Que peut nous apprendre la comparaison entre la zone monétaire de l’Union européenne et celle des Etats-Unis ?

Pierre Bentata : La zone américaine est plus homogène au niveau des inégalités certes, mais cet indicateur est assez partiel. Les inégalités ne sont pas un problème en soi pour une économie en pleine croissance ; tant que tout le monde s'enrichit, c'est cela le plus important. En revanche, ce que nous montre la situation américaine ; c'est que les inégalités y sont moins entre Etats fédérés qu'à l'intérieur de la population. Et cela révèle ensuite, que l'économie américaine est intégrée, qu'elle est nationale, même si son territoire est très grand et qu'il y a des différences culturelles. Les facteurs de production, les travailleurs et les capitaux, circulent entre Etats, et produisent un marché global. Dans l'Union européenne, la mobilité est beaucoup plus faible. La stabilité dans le niveau d'inégalités dans l'Union européenne montre que quand vous êtes Français, vous n'allez pas travailler en Bulgarie si vous avez une opportunité, quand vous êtes Grecs, vous n'allez pas aux Pays-Bas. Tant que cela sera le cas, vous aurez certes un marché commun mais pas une économie commune mais bien des économies nationales et différentes. Les capitaux et les biens circulent, mais comme des pays qui échangent, pas comme des échanges dans un même pays.

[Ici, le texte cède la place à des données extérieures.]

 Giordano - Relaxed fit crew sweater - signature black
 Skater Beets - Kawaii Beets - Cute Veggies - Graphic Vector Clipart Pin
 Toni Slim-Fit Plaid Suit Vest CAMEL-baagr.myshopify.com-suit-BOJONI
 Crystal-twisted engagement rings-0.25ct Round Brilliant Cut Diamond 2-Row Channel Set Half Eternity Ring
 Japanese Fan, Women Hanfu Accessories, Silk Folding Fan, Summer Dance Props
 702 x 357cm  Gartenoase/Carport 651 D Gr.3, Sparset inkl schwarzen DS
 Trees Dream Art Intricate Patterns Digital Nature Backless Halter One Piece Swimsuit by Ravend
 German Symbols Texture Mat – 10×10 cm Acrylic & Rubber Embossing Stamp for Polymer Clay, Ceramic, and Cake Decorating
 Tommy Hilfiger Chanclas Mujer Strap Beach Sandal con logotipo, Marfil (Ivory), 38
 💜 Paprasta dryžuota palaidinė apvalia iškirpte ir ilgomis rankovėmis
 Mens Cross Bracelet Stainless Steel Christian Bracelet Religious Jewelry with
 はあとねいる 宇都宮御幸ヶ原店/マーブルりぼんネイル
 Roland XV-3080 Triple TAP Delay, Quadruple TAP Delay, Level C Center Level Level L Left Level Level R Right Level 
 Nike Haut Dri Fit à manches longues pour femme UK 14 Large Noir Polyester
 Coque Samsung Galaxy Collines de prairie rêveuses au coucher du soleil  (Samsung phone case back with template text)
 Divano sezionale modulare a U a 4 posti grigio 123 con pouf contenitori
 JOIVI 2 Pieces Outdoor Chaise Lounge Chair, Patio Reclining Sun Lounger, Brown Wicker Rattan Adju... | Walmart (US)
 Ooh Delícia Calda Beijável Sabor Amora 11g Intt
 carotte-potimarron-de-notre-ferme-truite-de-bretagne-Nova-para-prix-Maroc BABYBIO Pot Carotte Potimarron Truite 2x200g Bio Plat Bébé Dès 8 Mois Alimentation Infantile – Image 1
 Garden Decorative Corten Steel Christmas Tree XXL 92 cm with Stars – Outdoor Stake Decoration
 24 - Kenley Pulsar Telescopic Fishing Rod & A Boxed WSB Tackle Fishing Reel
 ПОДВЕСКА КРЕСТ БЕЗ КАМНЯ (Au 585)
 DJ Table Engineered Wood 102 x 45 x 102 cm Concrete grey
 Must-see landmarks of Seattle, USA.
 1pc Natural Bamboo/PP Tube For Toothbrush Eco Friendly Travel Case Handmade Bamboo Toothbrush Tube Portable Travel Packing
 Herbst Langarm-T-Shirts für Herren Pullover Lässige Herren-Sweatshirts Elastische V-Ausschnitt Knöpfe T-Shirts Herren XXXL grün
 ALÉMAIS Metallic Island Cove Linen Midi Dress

Quels défis économiques et politiques pose cette divergence ?

Pierre Bentata : Comme à tout moment de crise, ce qui est visible, c'est que nous sommes dans une situation qui n'est pas stable : il y a un entre-deux qui ne peut pas fonctionner. La première option est de passer le pas et aller vers un fédéralisme, étant entendu qu'on peut avoir un fédéralisme à l'Américaine, avec une autonomie des Etats qui pourraient même être plus grande que ce qu'ont nos Etats aujourd'hui. La seconde option est de retourner à un échelon national. On ne peut pas rester dans la situation où une partie de la politique économique est nationale et l'autre partie qui est non seulement européenne, mais qui ne dépend même pas de personnes élues et qui donc ont un intérêt qui n'est pas du tout le même dans la structure démocratique et son agenda. Il n'y a pas du tout la même situation pour les décideurs élus dans leurs pays et qui contrôlent à peu près leurs budgets et certaines politiques publiques, et la banque centrale qui a un objectif fixé, qui ne peut pas changer démocratiquement sur une seule élection, mais qui requiert un accord européen. Le défi c'est de savoir ce qu'est cette Europe et ce qu'elle veut ; en revanche ce qu'on sait, c'est qu'on ne peut pas avoir une Europe économique sans une réflexion politique d'ampleur derrière. On peut très bien revenir à une zone de libre-échange sans l'intégration par la monnaie. L'Union européenne a été conçue comme une sorte de laboratoire de l'intégration économique la plus poussée au monde. L'expérience nous montre que ce n'est pas suffisant sans la dimension politique : soit il faut reculer dans l'intégration économique, soit avancer dans l'intégration politique. Autrement, il n'est pas possible de résoudre les problèmes. Cela peu importe l'idéologie économique qu'on peut avoir : libérale, monétariste, keynésienne, néoclassique, aucune de ces doctrines ne peut être mise en place avec la situation européenne actuelle.